* Work required
Repeat only the lines running from the beginning of the material through the line that contains "Hi everyone! Welcome".

* Records for this exercise

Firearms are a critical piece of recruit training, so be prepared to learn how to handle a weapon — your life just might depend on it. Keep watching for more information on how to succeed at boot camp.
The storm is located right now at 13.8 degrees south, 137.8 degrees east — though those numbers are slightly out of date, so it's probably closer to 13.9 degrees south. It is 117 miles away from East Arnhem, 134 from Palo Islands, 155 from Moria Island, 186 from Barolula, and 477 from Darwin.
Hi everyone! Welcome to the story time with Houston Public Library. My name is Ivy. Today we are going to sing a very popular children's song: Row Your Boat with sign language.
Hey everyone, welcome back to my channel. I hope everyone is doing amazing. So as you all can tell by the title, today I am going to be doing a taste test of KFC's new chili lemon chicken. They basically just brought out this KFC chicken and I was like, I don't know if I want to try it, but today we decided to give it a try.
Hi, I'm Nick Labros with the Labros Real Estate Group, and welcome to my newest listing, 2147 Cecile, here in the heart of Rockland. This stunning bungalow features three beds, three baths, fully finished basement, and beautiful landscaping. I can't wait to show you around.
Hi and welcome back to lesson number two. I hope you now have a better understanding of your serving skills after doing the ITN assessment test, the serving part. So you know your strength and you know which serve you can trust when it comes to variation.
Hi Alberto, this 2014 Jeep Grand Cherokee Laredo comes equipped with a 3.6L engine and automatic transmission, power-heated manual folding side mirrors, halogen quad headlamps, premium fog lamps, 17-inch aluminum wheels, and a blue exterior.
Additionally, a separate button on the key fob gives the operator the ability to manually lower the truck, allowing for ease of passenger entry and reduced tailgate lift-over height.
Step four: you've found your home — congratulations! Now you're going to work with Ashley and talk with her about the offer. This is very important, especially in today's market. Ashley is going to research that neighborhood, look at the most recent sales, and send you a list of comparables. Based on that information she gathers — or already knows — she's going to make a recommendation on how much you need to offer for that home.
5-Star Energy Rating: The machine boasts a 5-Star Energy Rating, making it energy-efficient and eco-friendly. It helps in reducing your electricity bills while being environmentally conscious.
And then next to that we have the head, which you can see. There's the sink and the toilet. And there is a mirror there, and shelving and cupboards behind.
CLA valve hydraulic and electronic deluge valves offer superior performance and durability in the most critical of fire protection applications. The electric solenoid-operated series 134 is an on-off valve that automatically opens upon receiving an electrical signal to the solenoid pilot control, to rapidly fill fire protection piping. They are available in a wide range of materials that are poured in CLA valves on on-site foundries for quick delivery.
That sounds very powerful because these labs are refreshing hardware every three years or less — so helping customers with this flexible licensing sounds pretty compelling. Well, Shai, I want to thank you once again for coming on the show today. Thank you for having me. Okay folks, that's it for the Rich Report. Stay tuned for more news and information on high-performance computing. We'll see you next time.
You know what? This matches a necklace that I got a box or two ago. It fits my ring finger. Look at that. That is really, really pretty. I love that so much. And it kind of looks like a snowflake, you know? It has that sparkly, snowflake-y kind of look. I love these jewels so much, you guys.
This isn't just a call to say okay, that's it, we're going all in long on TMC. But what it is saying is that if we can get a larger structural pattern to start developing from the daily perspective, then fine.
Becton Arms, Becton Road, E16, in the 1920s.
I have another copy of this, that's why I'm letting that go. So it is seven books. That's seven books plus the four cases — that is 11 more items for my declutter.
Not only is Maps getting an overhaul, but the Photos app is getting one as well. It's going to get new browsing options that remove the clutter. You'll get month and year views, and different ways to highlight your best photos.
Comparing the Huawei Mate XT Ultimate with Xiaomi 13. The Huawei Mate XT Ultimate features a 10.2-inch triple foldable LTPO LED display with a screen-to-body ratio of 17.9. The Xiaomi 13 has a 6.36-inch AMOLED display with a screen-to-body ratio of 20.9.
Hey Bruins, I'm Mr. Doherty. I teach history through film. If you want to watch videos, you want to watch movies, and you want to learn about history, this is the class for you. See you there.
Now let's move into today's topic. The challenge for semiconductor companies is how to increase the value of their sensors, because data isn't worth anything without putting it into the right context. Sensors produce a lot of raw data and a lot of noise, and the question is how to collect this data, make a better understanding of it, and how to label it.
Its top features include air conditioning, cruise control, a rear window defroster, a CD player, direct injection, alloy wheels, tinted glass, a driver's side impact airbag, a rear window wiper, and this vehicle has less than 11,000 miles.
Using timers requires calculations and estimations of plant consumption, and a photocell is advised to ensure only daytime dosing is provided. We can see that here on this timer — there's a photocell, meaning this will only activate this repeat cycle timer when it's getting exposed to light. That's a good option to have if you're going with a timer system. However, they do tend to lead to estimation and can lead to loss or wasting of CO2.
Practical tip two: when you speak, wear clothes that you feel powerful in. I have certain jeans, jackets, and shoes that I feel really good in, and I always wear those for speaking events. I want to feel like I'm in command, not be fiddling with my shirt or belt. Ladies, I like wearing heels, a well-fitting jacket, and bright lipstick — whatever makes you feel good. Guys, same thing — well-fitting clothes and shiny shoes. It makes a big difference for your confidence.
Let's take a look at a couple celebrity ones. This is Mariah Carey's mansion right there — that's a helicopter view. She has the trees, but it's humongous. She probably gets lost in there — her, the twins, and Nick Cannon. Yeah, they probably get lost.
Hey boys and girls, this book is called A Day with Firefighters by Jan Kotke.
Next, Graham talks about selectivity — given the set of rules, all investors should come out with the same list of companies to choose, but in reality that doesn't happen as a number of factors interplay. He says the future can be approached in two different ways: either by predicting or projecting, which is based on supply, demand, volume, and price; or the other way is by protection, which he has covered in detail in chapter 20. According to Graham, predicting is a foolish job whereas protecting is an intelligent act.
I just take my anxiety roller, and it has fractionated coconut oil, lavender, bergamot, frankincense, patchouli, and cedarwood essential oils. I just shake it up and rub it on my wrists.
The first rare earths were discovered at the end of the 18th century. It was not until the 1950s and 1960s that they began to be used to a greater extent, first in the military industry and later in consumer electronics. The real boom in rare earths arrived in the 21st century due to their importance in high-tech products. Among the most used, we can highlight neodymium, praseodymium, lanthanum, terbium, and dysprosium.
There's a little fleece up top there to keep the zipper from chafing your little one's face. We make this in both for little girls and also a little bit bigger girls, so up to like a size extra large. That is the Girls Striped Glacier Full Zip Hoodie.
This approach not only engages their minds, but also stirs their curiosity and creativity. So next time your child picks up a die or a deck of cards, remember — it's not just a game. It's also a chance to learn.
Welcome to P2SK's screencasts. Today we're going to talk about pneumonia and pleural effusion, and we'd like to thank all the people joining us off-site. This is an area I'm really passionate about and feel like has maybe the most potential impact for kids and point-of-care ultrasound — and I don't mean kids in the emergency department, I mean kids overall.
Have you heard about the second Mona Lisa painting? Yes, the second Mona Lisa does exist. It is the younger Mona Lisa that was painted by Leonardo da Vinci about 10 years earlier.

* Answer for this exercise
Firearms are a critical piece of recruit training, so be prepared to learn how to handle a weapon — your life just might depend on it. Keep watching for more information on how to succeed at boot camp.
The storm is located right now at 13.8 degrees south, 137.8 degrees east — though those numbers are slightly out of date, so it's probably closer to 13.9 degrees south. It is 117 miles away from East Arnhem, 134 from Palo Islands, 155 from Moria Island, 186 from Barolula, and 477 from Darwin.
Hi everyone! Welcome to the story time with Houston Public Library. My name is Ivy. Today we are going to sing a very popular children's song: Row Your Boat with sign language.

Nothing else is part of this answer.